▶ [Records provided]:
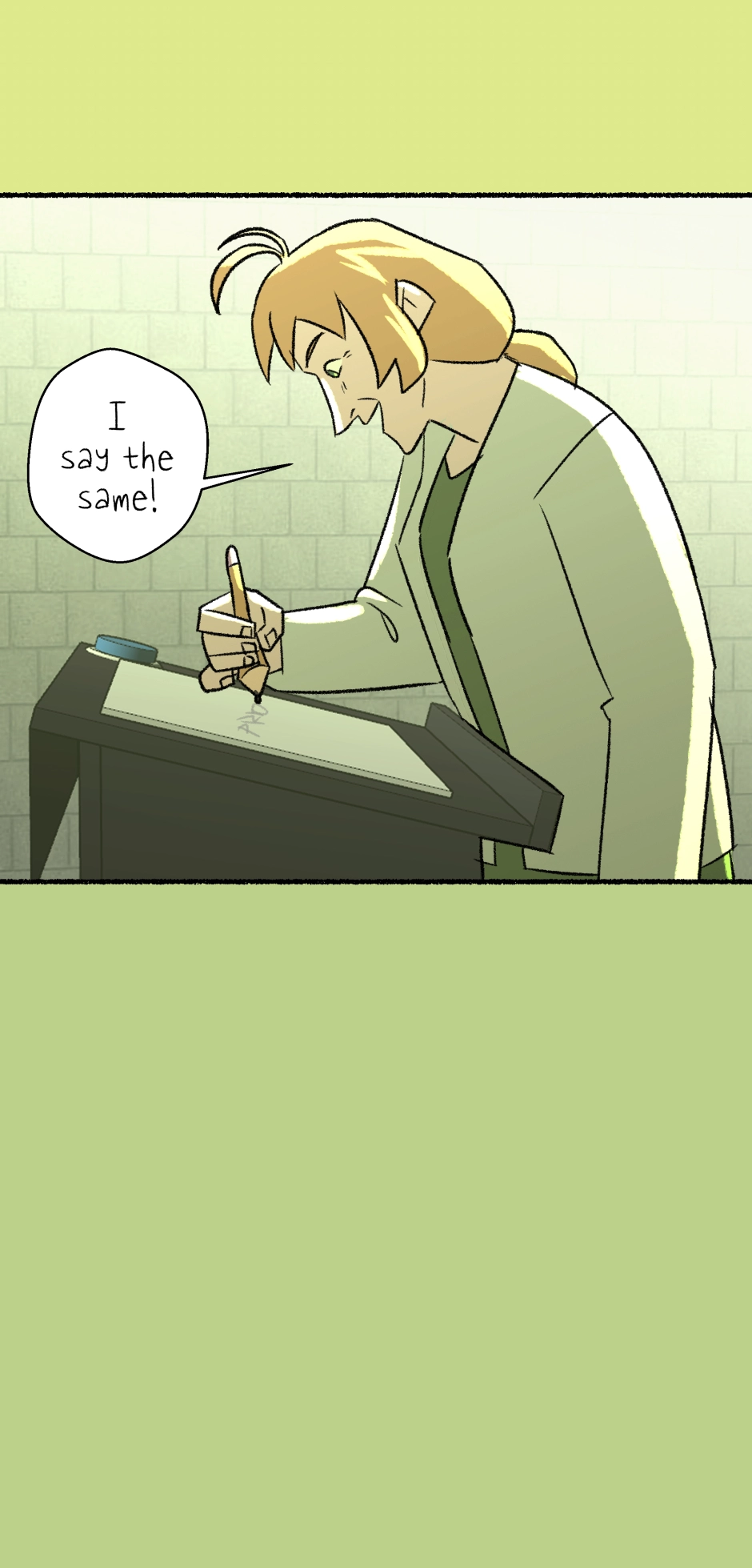 Read Memories chapter 71 image 14 on Lezhin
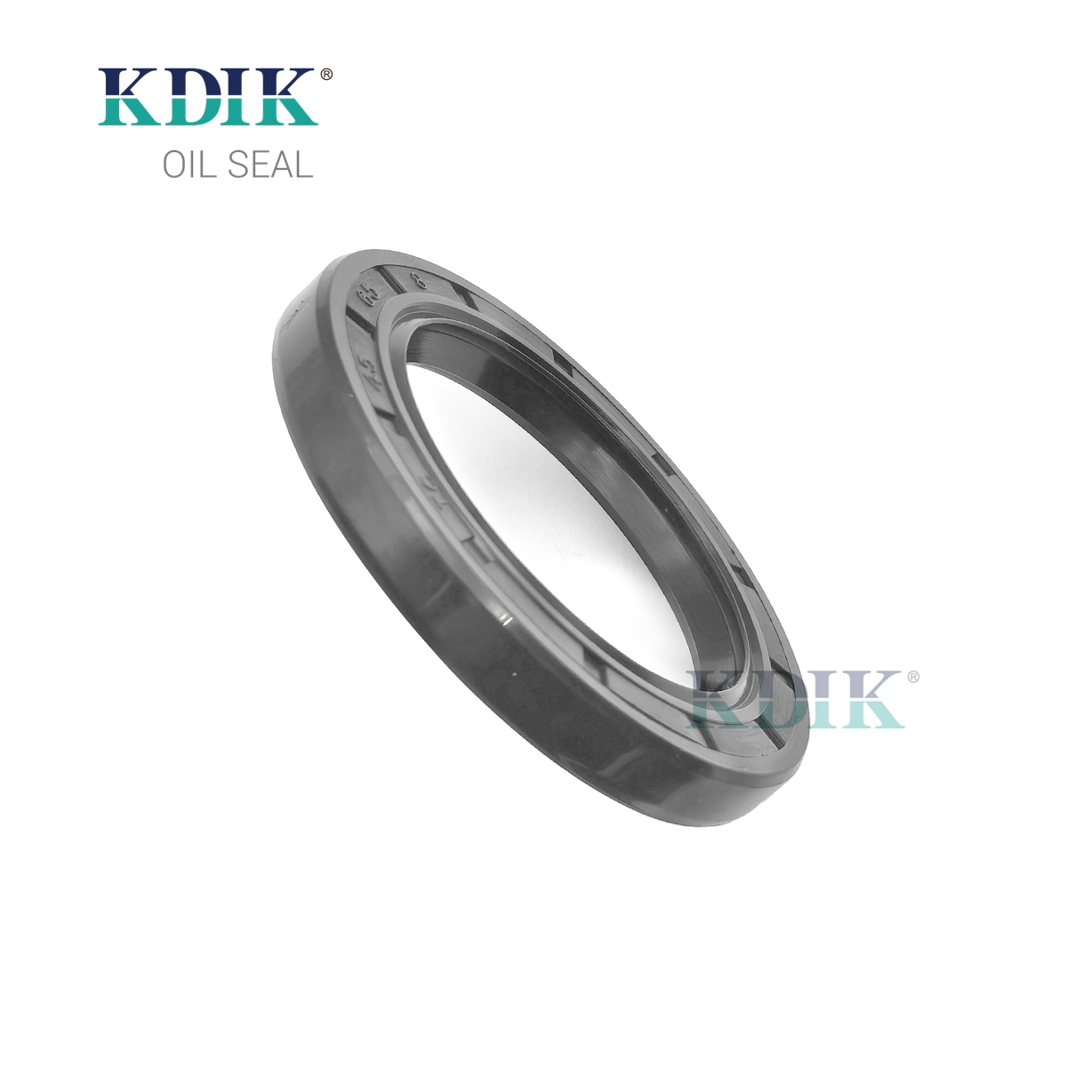 TC 45*65*8 Double Lip Skeleton Oil Seal With Spring KDIK Factory
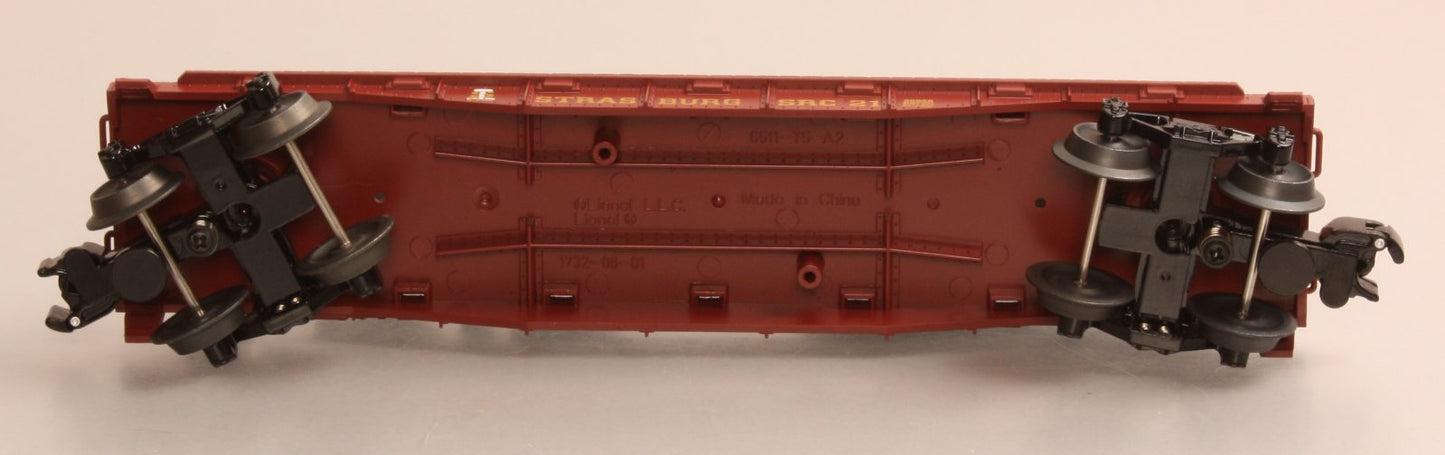 Lionel 6-26668 O-Gauge Strasburg Flatcar w/ Wheel Load #21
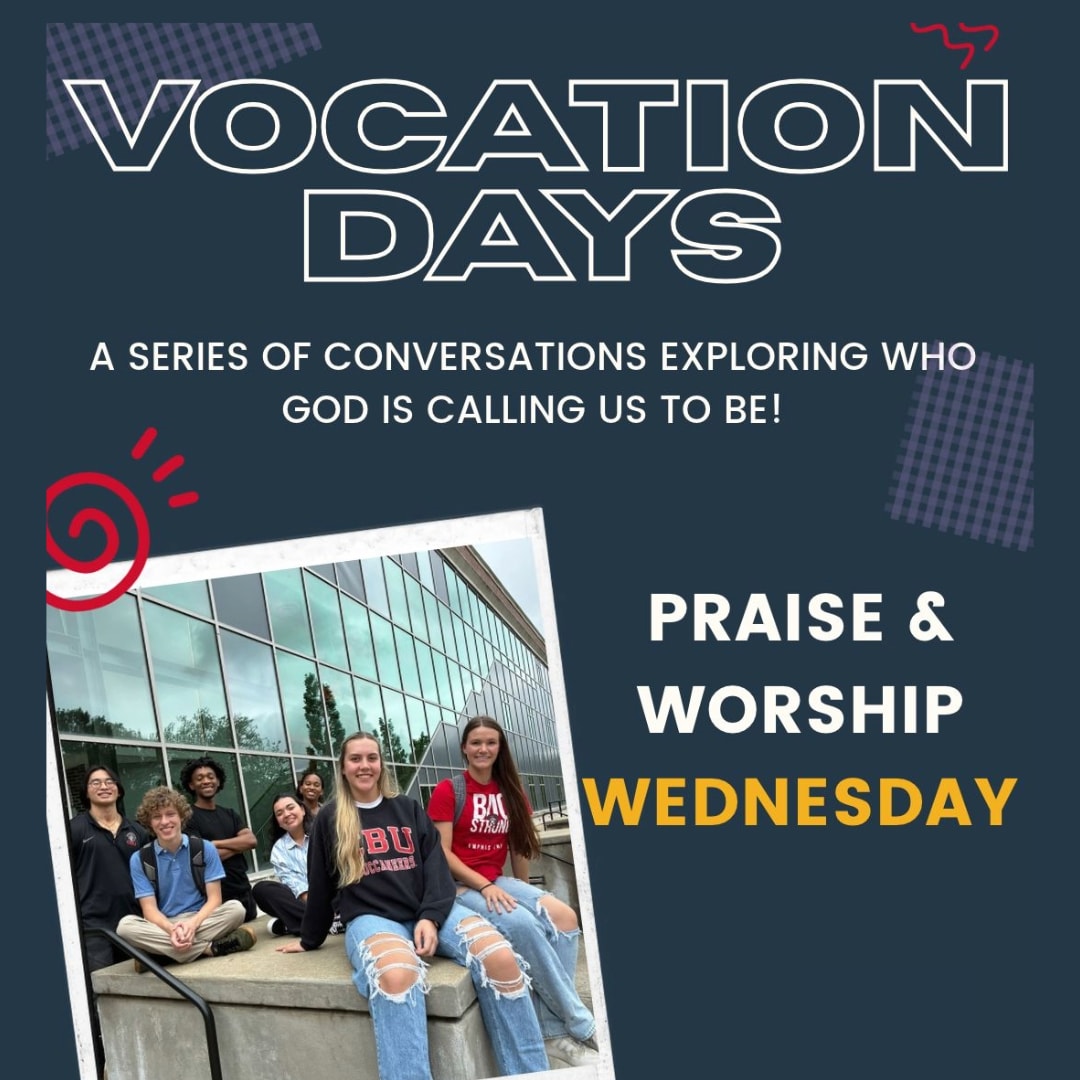Vocation Days Series - Praise & Worship + Fellowship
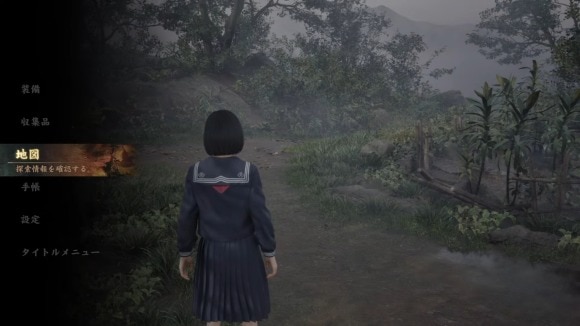マップ ゲーム開始時から所持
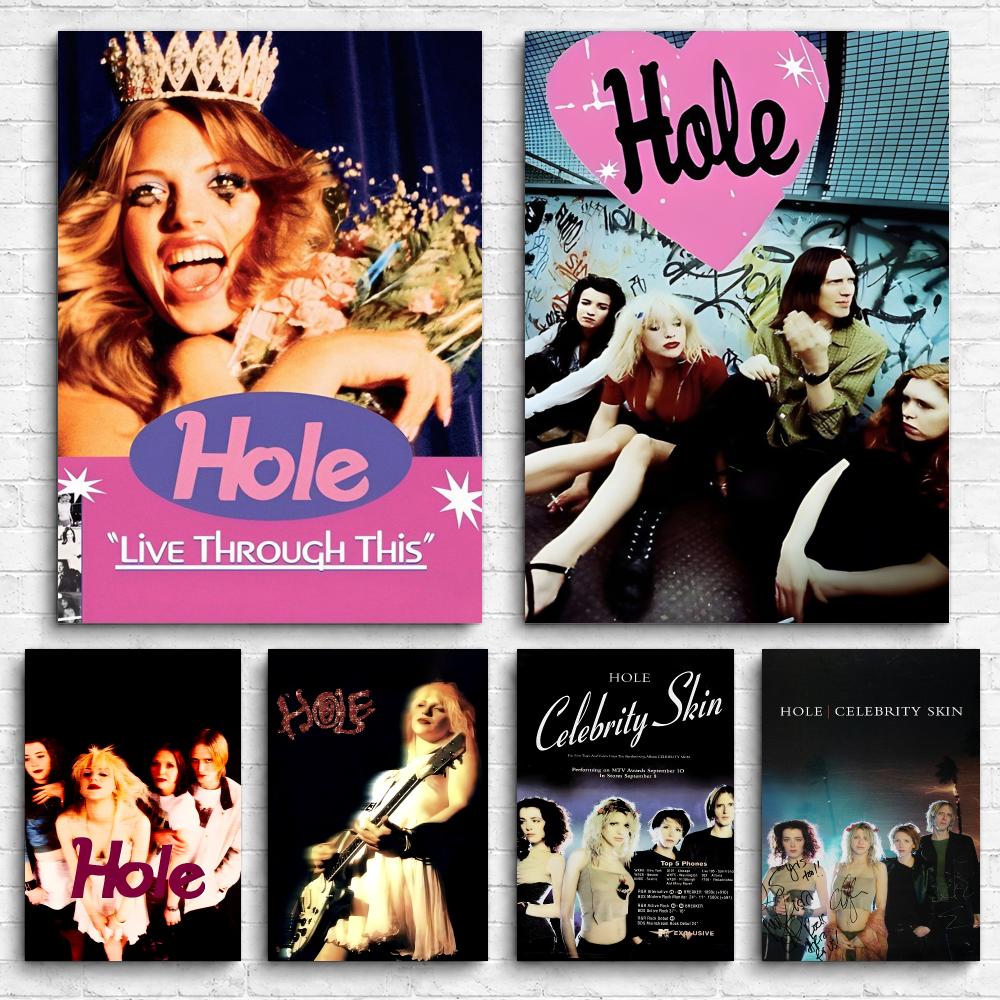 Rockbandalbum H-Hole, ingelijs - Live Rock recensie en prijs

▶ [Exercise objective]: The records above are to be copied exactly, with no pictures carried over.

▶ [Reply]:
 Read Memories chapter 71 image 14 on Lezhin
 TC 45*65*8 Double Lip Skeleton Oil Seal With Spring KDIK Factory
 Lionel 6-26668 O-Gauge Strasburg Flatcar w/ Wheel Load #21
Vocation Days Series - Praise & Worship + Fellowship
マップ ゲーム開始時から所持
 Rockbandalbum H-Hole, ingelijs - Live Rock recensie en prijs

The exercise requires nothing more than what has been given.